ThePhrase.id – Nama Meutya Hafid diumumkan oleh Presiden Prabowo Subianto (20/10) sebagai Menteri Komunikasi dan Digital Republik Indonesia. Penunjukkan Meutya ini sekaligus menciptakan sejarah baru dirinya sebagai wanita pertama yang menjabat sebagai Menteri Komunikasi dan Digital (Komdigi).
Sebelum menjabat sebagai menteri, Meutya telah terlebih dahulu menekuni sejumlah profesi lain yang membuat sosoknya dikenal luas dan juga disegani. Ia dikenal sebagai seorang jurnalis televisi yang bekerja untuk Metro TV dan juga politisi dari Partai Golongan Karya (Golkar) yang pernah menjabat sebagai Ketua Komisi I DPR RI.
Jejak awal Meutya dimulai dari sebuah lokasi yang bernama Soppeng. Kabupaten Soppeng adalah daerah yang berada di tengah Provinsi Sulawesi Selatan yang masyarakatnya mayoritas beretnis Bugis. Tetapi, karena geografi yang berada di kawasan perbukitan, warganya cenderung mengedepankan kesejukan. Ini lah yang menjadi latar belakang Meutya dalam bersikap dan berkehidupan.
Meutya mengawali karir sebagai jurnalis televisi, dengan sejumlah prestasi dan dedikasi, terutama pada liputan daerah konflik. Ia meliput Darurat Militer Aceh (2003), Tsunami Aceh dan perjanjian damai Aceh (2005), Pemilu Irak (2005), Kudeta Militer Thailand dan konflik Thailand Selatan (2006), serta liputan Palestina (2007).
Sosok Meutya sebagai seorang jurnalis makin dikenal secara luas ketika ia melangsungkan liputan Pemilu di Irak pada tahun 2005. Ia bersama seorang juru kamera Metro TV bernama Budiyanto yang kala itu sedang bertugas tiba-tiba disandera oleh Pasukan Mujahidin Irak selama tujuh hari lamanya.
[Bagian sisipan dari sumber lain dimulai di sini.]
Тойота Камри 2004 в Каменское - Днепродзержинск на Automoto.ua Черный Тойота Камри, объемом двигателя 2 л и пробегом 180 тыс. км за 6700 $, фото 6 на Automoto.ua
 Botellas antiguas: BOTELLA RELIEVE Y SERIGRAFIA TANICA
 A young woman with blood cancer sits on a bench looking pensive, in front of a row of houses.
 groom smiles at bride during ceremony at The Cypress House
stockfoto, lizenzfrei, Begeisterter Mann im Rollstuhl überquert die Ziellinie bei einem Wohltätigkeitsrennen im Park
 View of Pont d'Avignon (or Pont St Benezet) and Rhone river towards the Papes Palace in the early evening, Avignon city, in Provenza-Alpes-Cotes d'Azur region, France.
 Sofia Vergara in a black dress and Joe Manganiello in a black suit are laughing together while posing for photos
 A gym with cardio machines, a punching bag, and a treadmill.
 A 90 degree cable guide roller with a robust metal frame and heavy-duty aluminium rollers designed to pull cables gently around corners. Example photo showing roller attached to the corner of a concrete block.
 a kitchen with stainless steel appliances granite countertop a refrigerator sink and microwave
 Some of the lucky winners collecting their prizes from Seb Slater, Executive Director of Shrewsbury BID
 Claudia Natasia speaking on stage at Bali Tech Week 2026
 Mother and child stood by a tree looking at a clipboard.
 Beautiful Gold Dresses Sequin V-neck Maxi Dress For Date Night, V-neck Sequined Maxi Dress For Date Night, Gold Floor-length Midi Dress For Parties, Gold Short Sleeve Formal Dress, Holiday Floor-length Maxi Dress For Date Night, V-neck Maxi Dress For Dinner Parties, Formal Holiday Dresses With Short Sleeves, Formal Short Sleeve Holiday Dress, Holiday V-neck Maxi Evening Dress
Meutya dan Budiyanto memiliki kontak terakhir dengan Metro TV pada 15 Februari 2005. Keduanya kemudian dibebaskan pada tanggal 21 Februari 2005. Peristiwa ini diabadikan oleh Meutya melalui buku yang ia tulis dan dipublikasikan dengan judul “168 Jam dalam Sandera: Memoar Seorang Jurnalis yang Disandera di Irak.”
Atas keberaniannya sebagai seorang jurnalis, Meutya diganjar Elizabeth o' Neill Journalism Award (2007) dan sejumlah penghargaan lain di dunia jurnalistik. Ia juga dianugerahi Kartu Pers Nomor Satu atau Press Card Number One (PCNO), penghargaan kepada wartawan profesional dengan kompetensi dan integritas.
Dengan pengalamannya di dunia jurnalistik, pada tahun 2008 Meutya beralih ke dunia politik dengan bergabung bersama Partai Golkar. Berselang dua tahun, ia memulai pencalonan pertamanya yang ia lakukan bersama H. Dahni Setiawan Isma S.Sos sebagai calon Wali Kota dan Wakil Wali Kota Binjai periode 2010-2015.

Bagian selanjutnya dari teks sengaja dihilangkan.